### Data section:

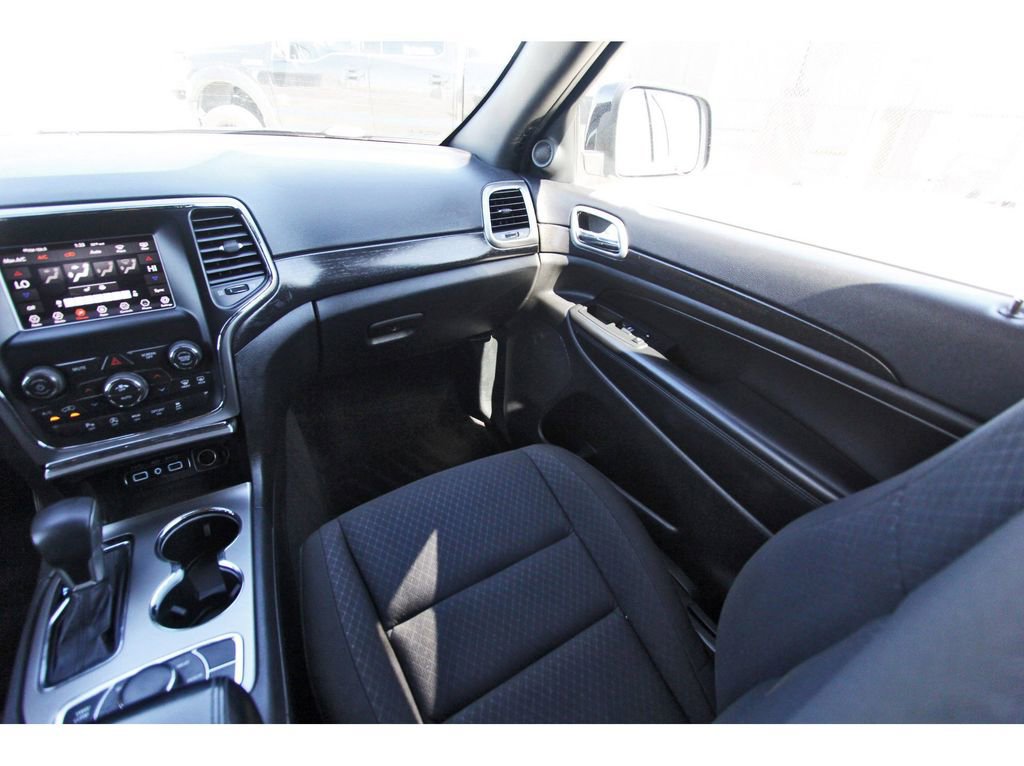 Used 2018 Jeep Grand Cherokee Laredo image 10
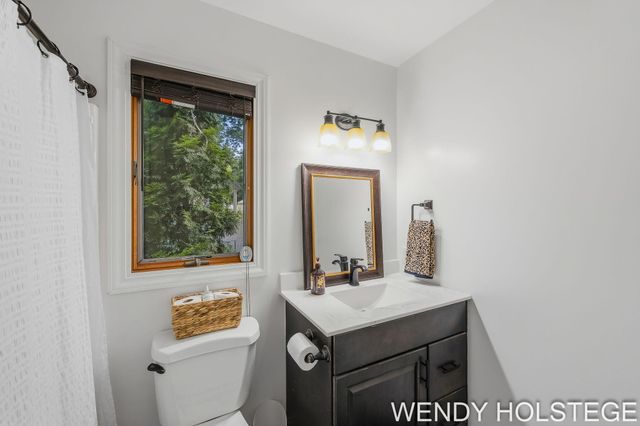 2080 W 32nd Street, Laketown Twp, MI 49423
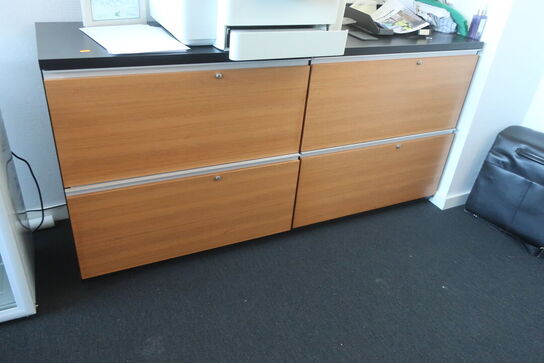 2 stk. reoler med indhold 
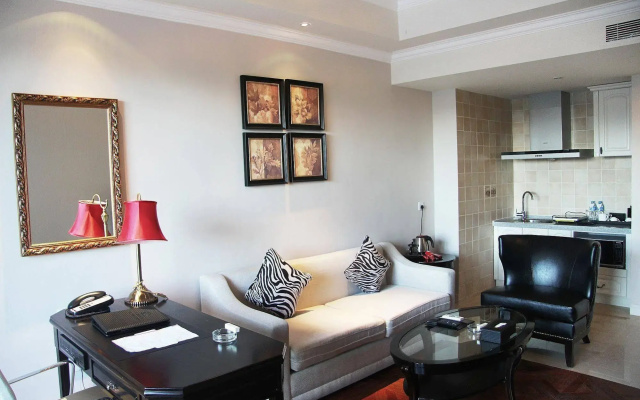 Отель Sanya Yalong Bay Sintra Suites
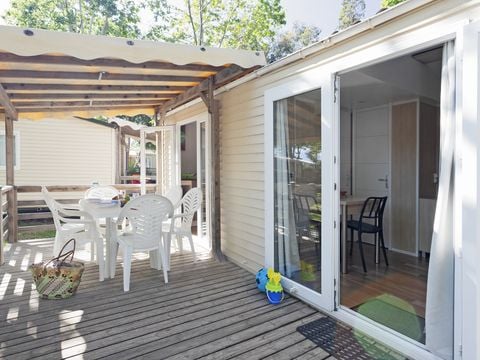 MOBILE HOME 6 people - Mobil-home | Classic XL | 3 Bedrooms | 6 Pers. | Raised terrace | Air-con.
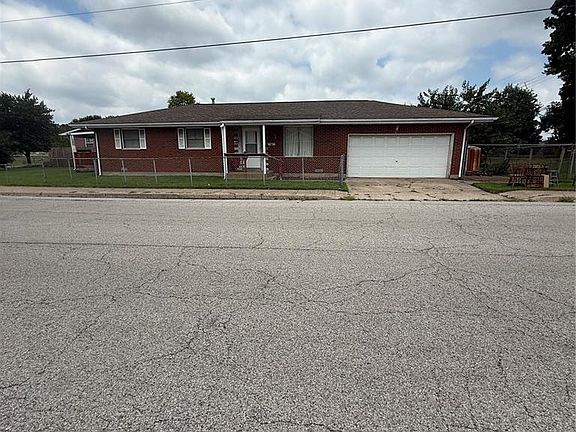 3rd image of 1200 Alton Ave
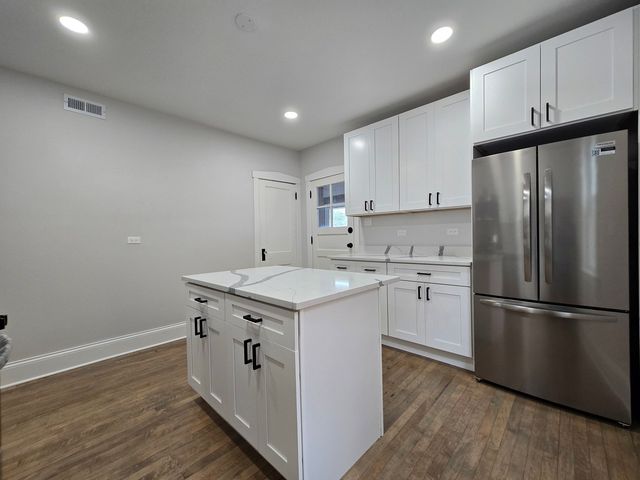 4140 N Marmora Avenue, Chicago, IL 60634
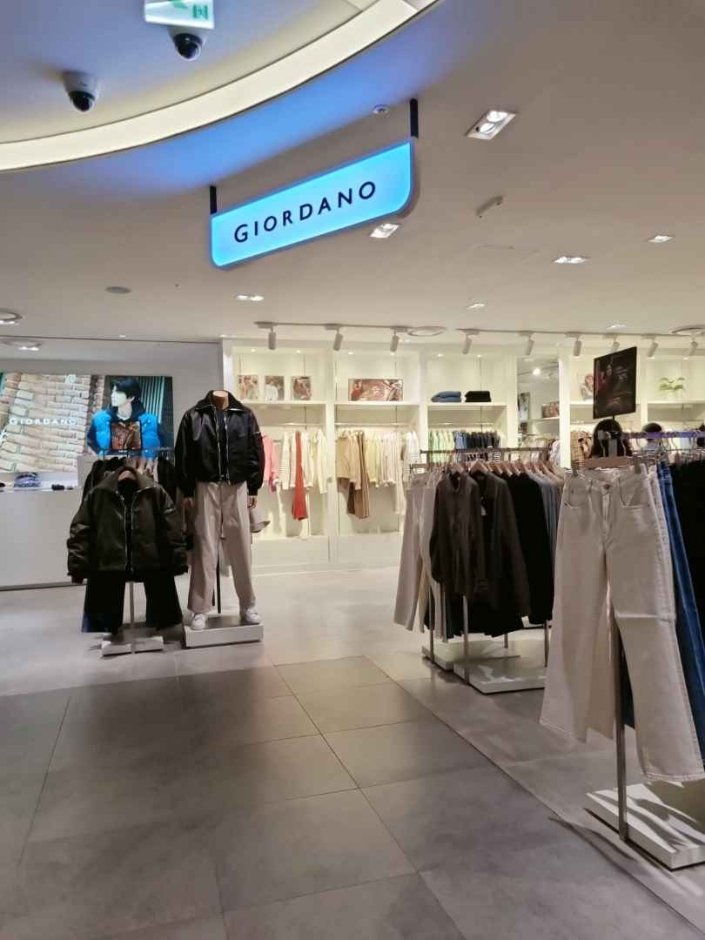 Giordano – Hyundai Outlets Dongdaemun Branch [Tax Refund Shop](지오다노 현대아울렛 동대문점)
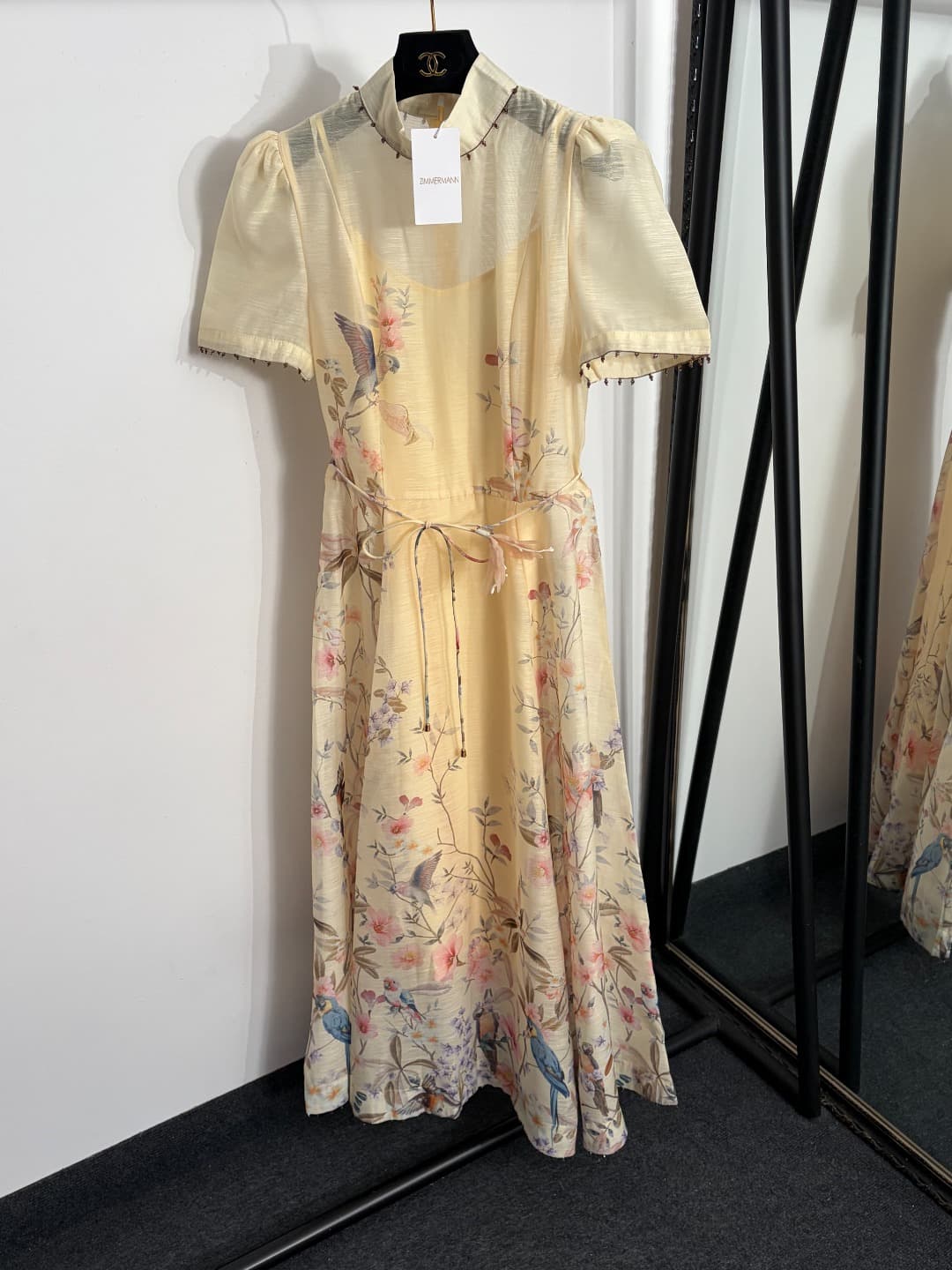 C18365 Style number 20264276 Zimmermann* New model: Colorful bird and flower print, tasseled beads, waist-cinching stand-up collar short-sleeve dress. Long dress with undergarments, in beige, pink, and beige-yellow colors. S-XL sizes. [Size M: Chest circu — image 5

### Task instructions:
Take the lines from the one holding "MOBILE HOME 6" through the final line of the listing above and copy them exactly, both ends included, with no pictures.

### Written answer:
 MOBILE HOME 6 people - Mobil-home | Classic XL | 3 Bedrooms | 6 Pers. | Raised terrace | Air-con.
 3rd image of 1200 Alton Ave
 4140 N Marmora Avenue, Chicago, IL 60634
 Giordano – Hyundai Outlets Dongdaemun Branch [Tax Refund Shop](지오다노 현대아울렛 동대문점)
 C18365 Style number 20264276 Zimmermann* New model: Colorful bird and flower print, tasseled beads, waist-cinching stand-up collar short-sleeve dress. Long dress with undergarments, in beige, pink, and beige-yellow colors. S-XL sizes. [Size M: Chest circu — image 5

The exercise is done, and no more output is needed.